Former Fullerton Police Officers Manuel Ramos and Jay Cicinelli will be in court tomorrow. A jury will examine, almost 900 days after the fact, if the two defendants are guilty of felonies connected with a man they sought to forcibly detain. A man who was combative if not defiant with officers. A man who was beaten with a stick, fists, knees, and feet. A man who was electrocuted, whose face was “smashed to hell” with the handle of a taser, and whose body was crushed by a physical pile of six fully-grown-well-trained-well-equipped members of the Fullerton Police Department. A man who died after volunteering his backpack to officers who knew him. A man without a shirt, without any weapon or means to resist. A man, who was sworn to be protected, who was sworn to be served. A man who was the least amongst us. A man who would have inherited the earth. A man who cried out for his father while blood pooled in his lungs. A man, not so different from you, not so different from the Man many of us aspire to be more like.
We’re going to hear a lot about Kelly Thomas in the next few weeks. We’re going to hear a lot about Manuel Ramos and Jay Cicinelli, too. We’re going to hear a lot of testimony that’s designed to give the jury insight into whose actions were more likely to be just and whose were more likely to be criminal. In short, we’re going to hear about whose life is worth protecting and whose is not.
On December 25th, over 2 billion people will celebrate the birth of a man born roughly 2000 years ago. A man who was born and died homeless, who was labeled insane by his peers, and who was mocked, beaten, tortured, and executed by agents of the state. He offered no physical resistance, was verbally combative if not defiant in the face of his captors, and died naked– crushed by the weight of his body and the blood pooled in his lungs while crying out to his father.
Character is very much in the eye of the beholder, and while Kelly Thomas was certainly no saint, Christ would have never snapped on a pair of latex gloves and threatened to fuck up anyone. Christ would have never smashed anyone’s face to hell with anything, either.
Every life is worth protecting. It doesn’t matter how dirty you are, how smelly you are, where you do or don’t live, how annoying you are, what you did yesterday, or what you did 18 years ago. It doesn’t matter how Christ like you are or aren’t. What matters is that you’re a person and that should be enough.
In a few weeks, we’ll have a verdict. Whatever decision the jury reaches, I hope that their decision is based on their interpretations of the actions taken by equal, fallible, men.
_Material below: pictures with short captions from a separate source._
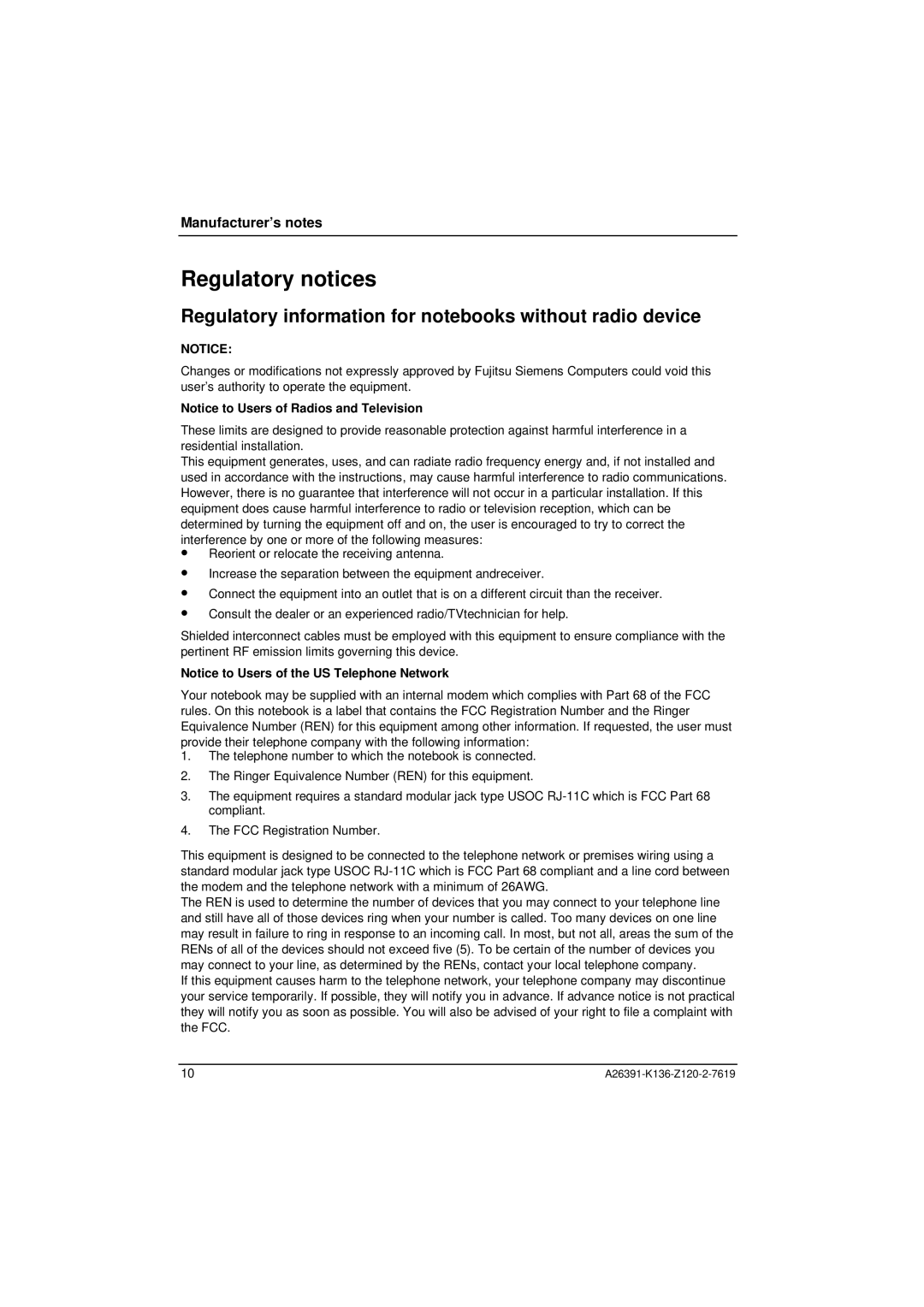 Fujitsu Siemens Computers C Series manual Regulatory notices, Regulatory information for notebooks without radio device 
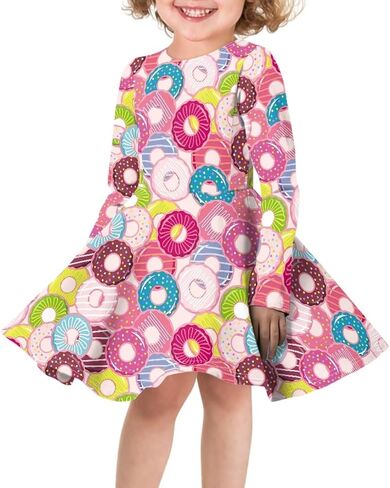 Spring Autumn Long Sleeve Round Neck Pullover Midi Girls Dresses Personalized Pattern Formal Loose Fit Dress for Girls in Saudi Arabia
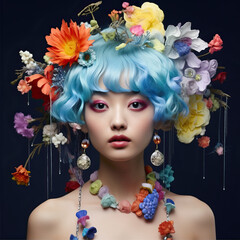 Beautiful girl with flowers and butterflies in blue hair. Portrait.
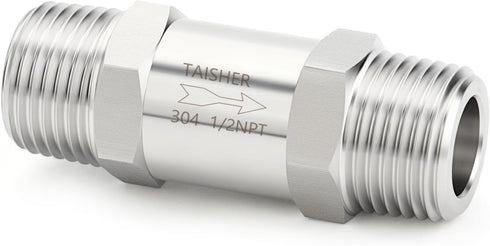 TAISHER 1PCS 304 Stainless Steel 1/2" NPT Male Check Valve, Backflow Prevention Non-Return Check Valves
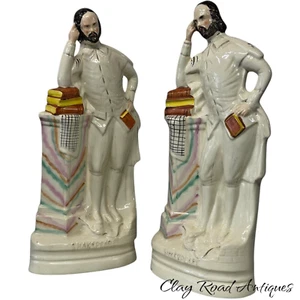 ANTICA FIGURA STAFFORDSHIRE coppia Shakespeare 18 pollici - Foto 1 di 24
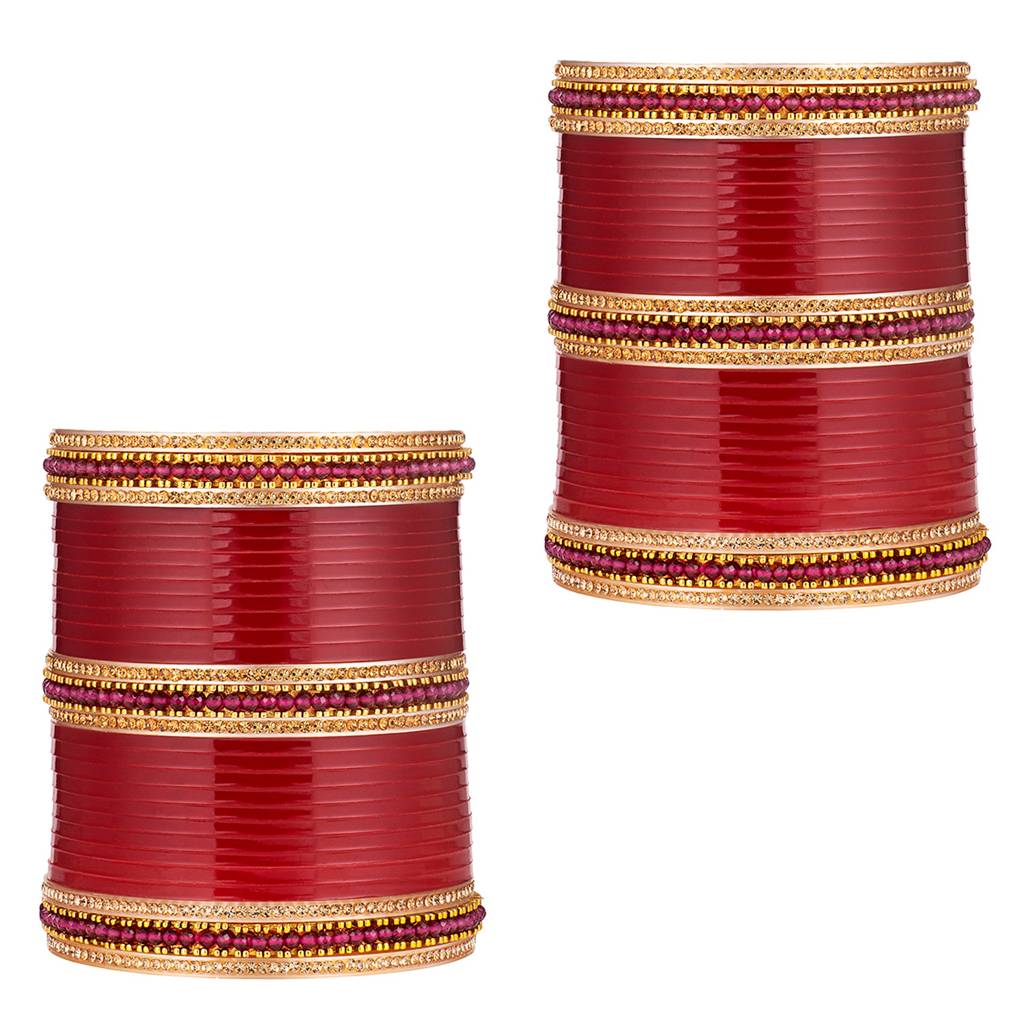 Peora Red Chuda Chura Bangle Set Indian Traditional Ethnic Wedding Bridal Dulhan Fashion Jewellery For Women : PF51B26R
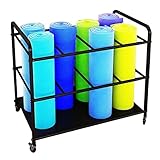 JHLP Yogamatten-Aufbewahrungswagen mit Rädern – großer Metallkorb für 12 Matten – Heim-/Yoga-Raum-Organizer-Ständer für einfachen Zugang und Organisation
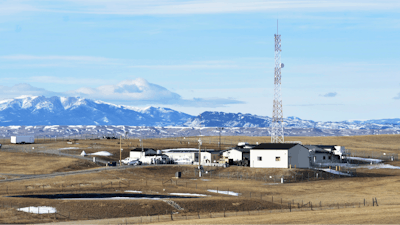 A U.S. Air Force installation surrounded by farmland in central Montana is seen on Feb. 7, 2023, near Harlowton, Mont.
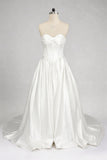 A-Line Court Train Satin Wedding Dress CW3502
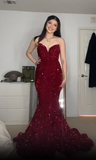 Sexy Mermaid Red Sheath Strapless Sequined Floor Length Prom Dresses HZ1024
I hope their wisdom is biased by the evidence and not by fear, and I hope their conviction to do right includes holding individuals, all individuals, accountable.
But, most of all, I hope that for the next decade or so I get to answer lots of absurd and sincere questions in December like: “How does Santa Claus visit every single house on one night?” I hope I never have to answer why there are two colors of justice in the world: One for those with social standing in Fullerton and one for those without.